#### TASK DETAILS
Copy the lines below as they are; omit the images they contain.

(Captioned web image data)
• • • •

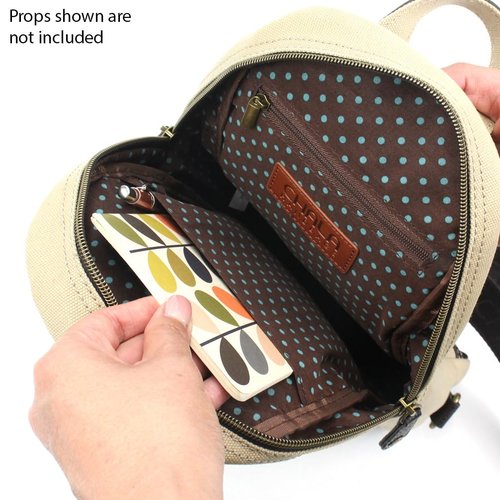 CHALA Canvas Sling Bag Women RFID Protected Canvas Crossbody Backpack with Adjustable Strap (Bird - Sand)
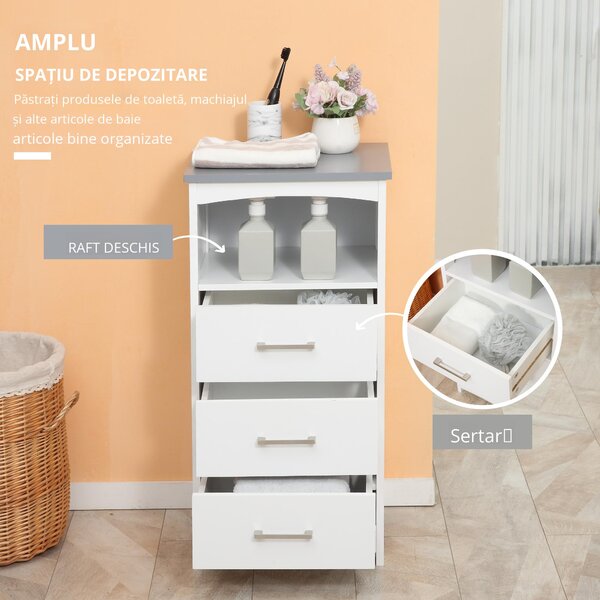 Kleankin Dulapior de Baie cu Raft Deschis si 3 Sertare, Design Ridicat din MDF, 40x33x80cm, Alb | Aosom Ro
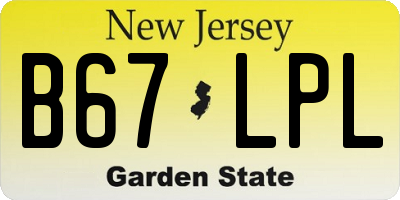 NJ license plate B67LPL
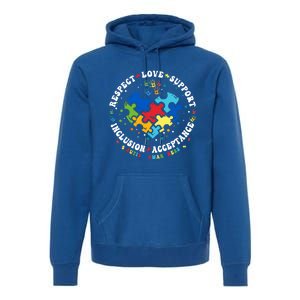 Respect Love Support Autism Awareness Month Gift Premium Hoodie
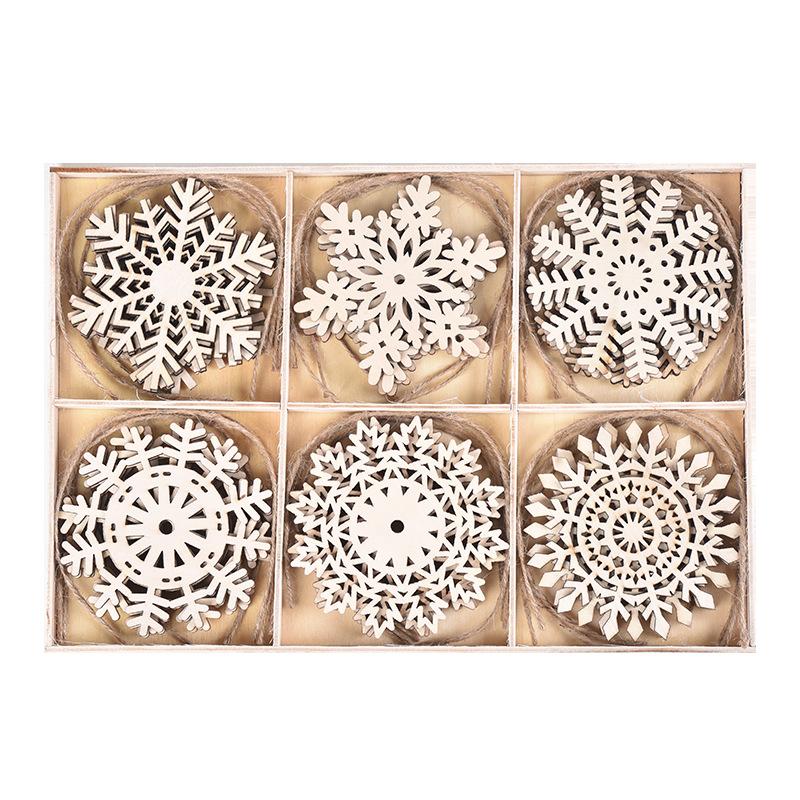 

24pcs/box Christmas Wooden Snowflake Flake Hanging Can Doodle Diy Wooden Flake Christmas Decoration Hanging Decoration
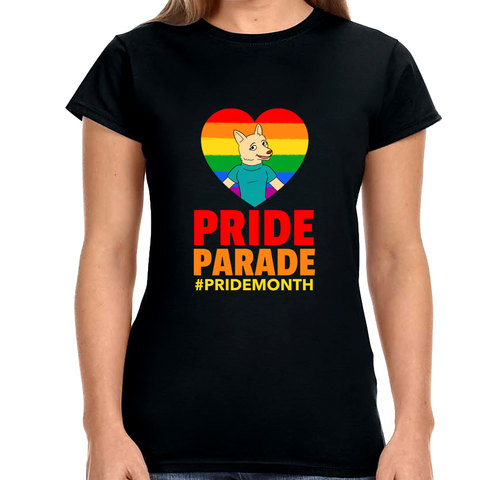 Pride Parade LGBT Flag Gay Pride Month Rainbow Lesbian Womens Shirts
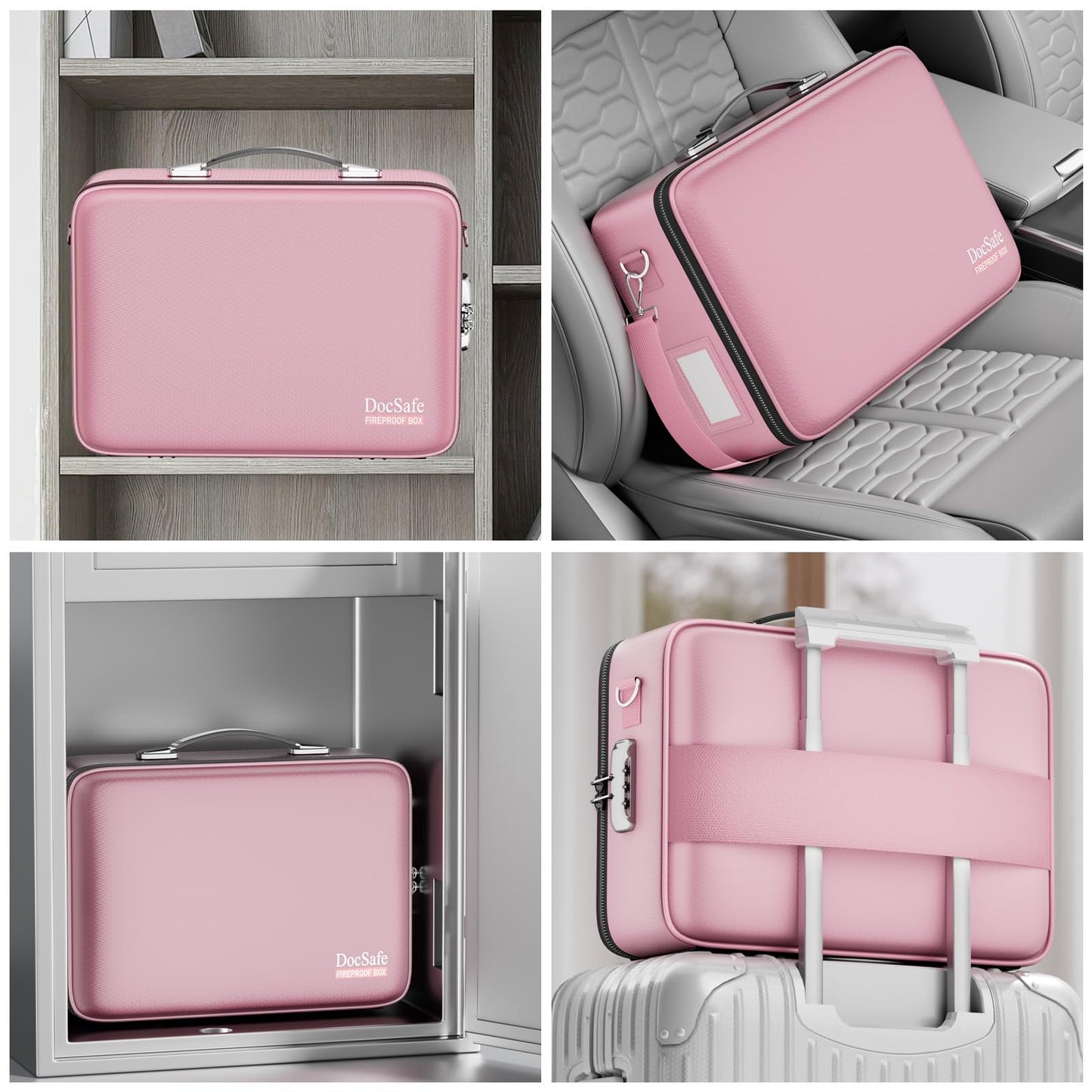 DocSafe Fireproof Document Box Hard Case with Lock ＆ Accordion File Folder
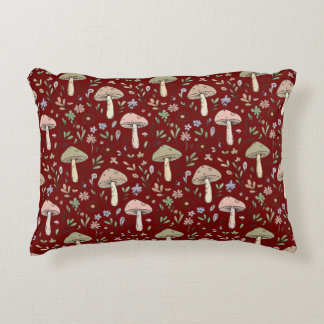 Dark Academia Plum Red Fungi Seamless Luxury Accent Pillow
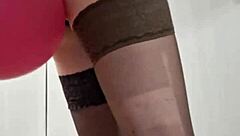 sexy balloon mistress elza kom dominates with huge heels fetish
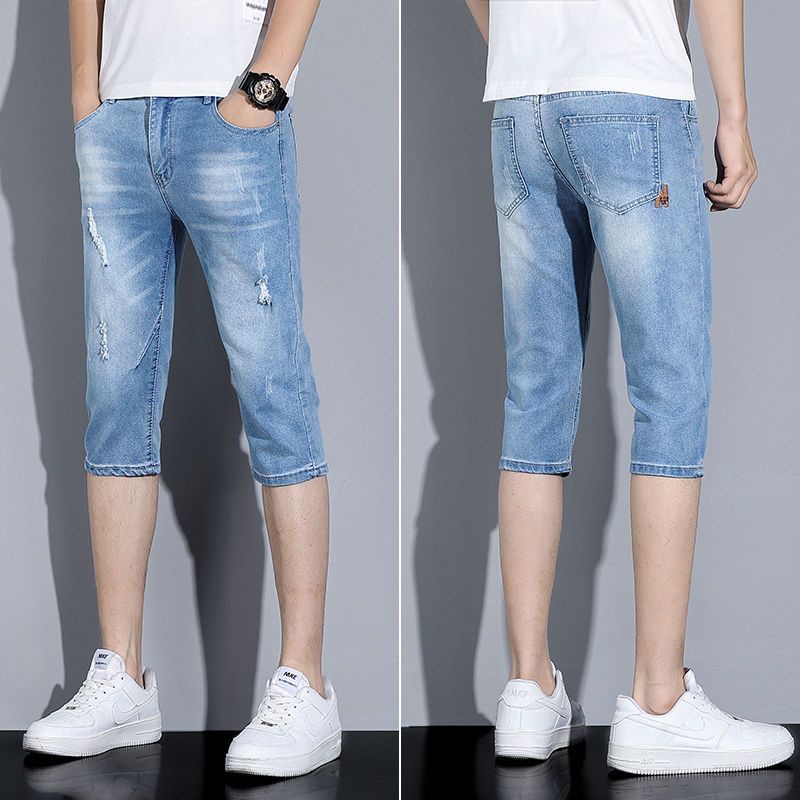 Quần Jeans Lửng Rách Gối Thời Trang Dành Cho Nam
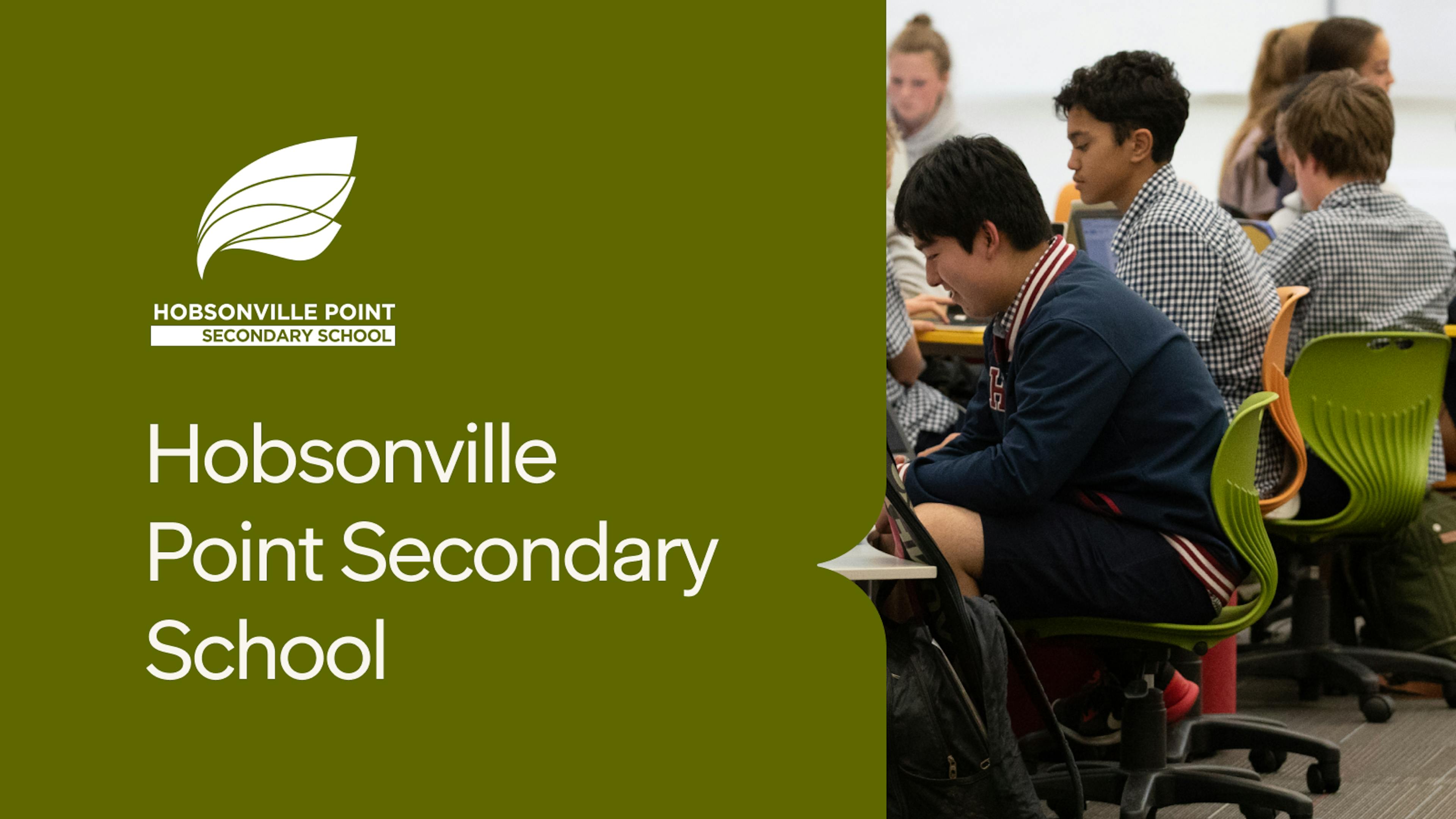 Hobsonville Point Secondary School logo and student photo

• • • •

#### SOLUTION BELOW
 CHALA Canvas Sling Bag Women RFID Protected Canvas Crossbody Backpack with Adjustable Strap (Bird - Sand)
 Kleankin Dulapior de Baie cu Raft Deschis si 3 Sertare, Design Ridicat din MDF, 40x33x80cm, Alb | Aosom Ro
 NJ license plate B67LPL
 Respect Love Support Autism Awareness Month Gift Premium Hoodie

24pcs/box Christmas Wooden Snowflake Flake Hanging Can Doodle Diy Wooden Flake Christmas Decoration Hanging Decoration
 Pride Parade LGBT Flag Gay Pride Month Rainbow Lesbian Womens Shirts
 DocSafe Fireproof Document Box Hard Case with Lock ＆ Accordion File Folder
 Dark Academia Plum Red Fungi Seamless Luxury Accent Pillow
 sexy balloon mistress elza kom dominates with huge heels fetish
 Quần Jeans Lửng Rách Gối Thời Trang Dành Cho Nam
 Hobsonville Point Secondary School logo and student photo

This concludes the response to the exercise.